Red Bull’s future is unknown. | Photo: Octane Photographic Ltd.

It was well known that communication was lacking with McLaren and Honda, however Yamamoto is optimistic that that won’t be a problem with Toro Rosso.

“First, [Toro Rosso team principal] Mr. Tost knows a lot about Japan. He understands the culture and it’s a good communication that we have,” he noted, before adding: “We have seen that they also have a young factory and are growing, which for Honda is very important because we can work with the same mentality and have the same approach. It is a new start with a team with a similar mindset to move forwards together.”

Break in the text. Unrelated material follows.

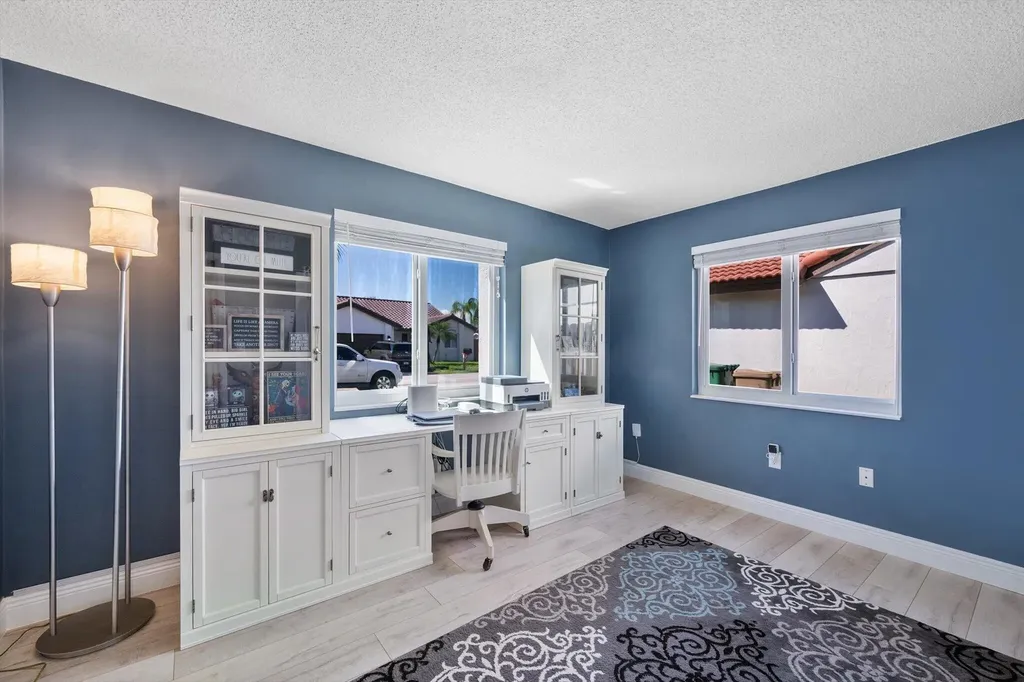 15541 Dover Court Davie FL 33331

Good communication needed between Honda and McLaren

Deteriorated relationship aside, Yamamoto was keen to affirm Honda’s commitment to McLaren for the rest of the 2017 season.

“Toro Rosso and Honda will start working together immediately and for the coming year,” he said.

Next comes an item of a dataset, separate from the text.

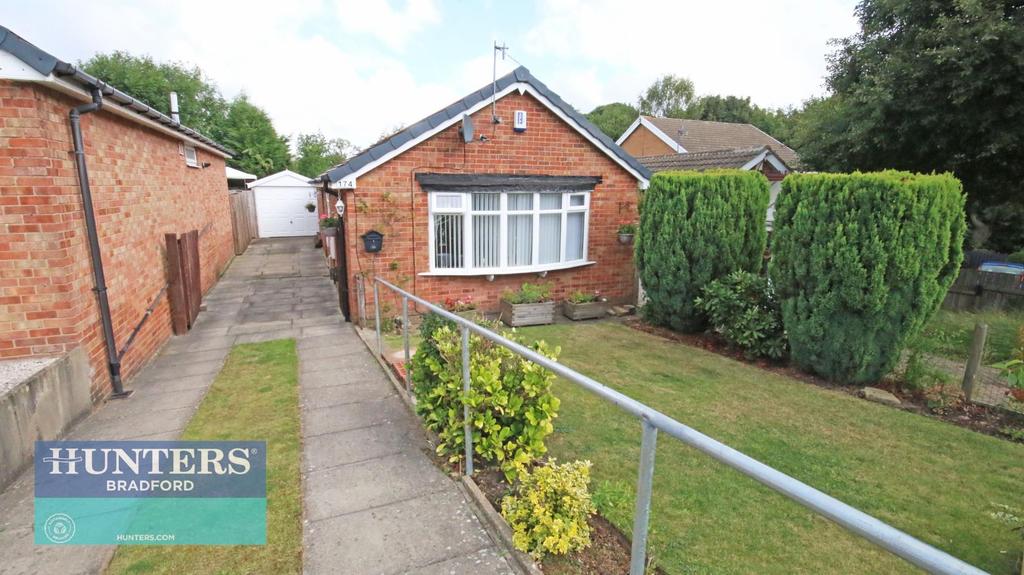 Hunters Park Avenue, Clayton, Bradford 2 bed detached bungalow £180,000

“However, before that we have the rest of the 2017 season to complete with McLaren, so a good communication between us is still very important, as well as a good performance in the remaining races.”



  • D.Duck

    [quote] “It was believed that Honda were rushed into their return into Formula 1 a year early by McLaren,” [unquote] Are we to assume this was the fault of Ron Dennis “forcing” Honda to supply their power unit 1 year too soon? If he is alluding to the scenario that Dennis is to blame, then he should say so!!! After the disastrous start in testing and the first races of 2015, I seem to recall Honda and McLaren telling us that their power unit was still being developed, and that the rest of the season was going to be “test sessions” at every race and that the performance and reliability would improve during the season. McLaren improved the chassis, but the Honda engine continued to be thirsty, underpowered and unreliable! Communication between Honda and McLaren has nothing to do with Hondas failure to produce an even mildy reliable power unit….that is purely down to Honda producing a unit that should be able to run in any other teams chassis with some semblance of reliability first and gains in power over the rest of the season. McLaren got neither…..only more unreliability and a massive power deficit to the rest!!! Regardless of who understands Japanese culture, whether its Franz Tost or Fernando Alonso or Uncle Tom Cobberley and all, Hondas 3 years of failure to produce sufficient power and reliability is 100% down to them!!!

  • facesforever

    Can it not be that the leaving of Ron Dennis madeMclaren a bit steerless. Zak Brown, I’m sure he’s got many qualitys, is not Ron Dennis who was a perfectionist in every way possible. I read that some scenes in the hospitality rooms at McLaren are totaly different from the days of Dennis who did not allow half eaten plates of food standing in tables whicch today nobady cares about. (sourses some press articles) I know, plates of food are no engines but a different culture has surely stepped in at McLaren and the communication with Honda where for from optimal, just like RBR did with Renault. As a team you talk things out before going to the press. The end of the collaboration was inevitable but do you realy think Honda will not get it right? remember this engine is only about ten month’s running, totaly other than that of 2015-’16. And they improved massively if you take in account that they had some races they couldn’t even start at and today they arefighting with Force India and Williams. I see them getting only better and TR have done a good deal, they now have a massive Honda budget and an exclusive engine for one year.
    Do not misunderstand me, you have a valid point but F 1 isa rapidly changing beast. take that from a 40+ year Ferrari fanclud member.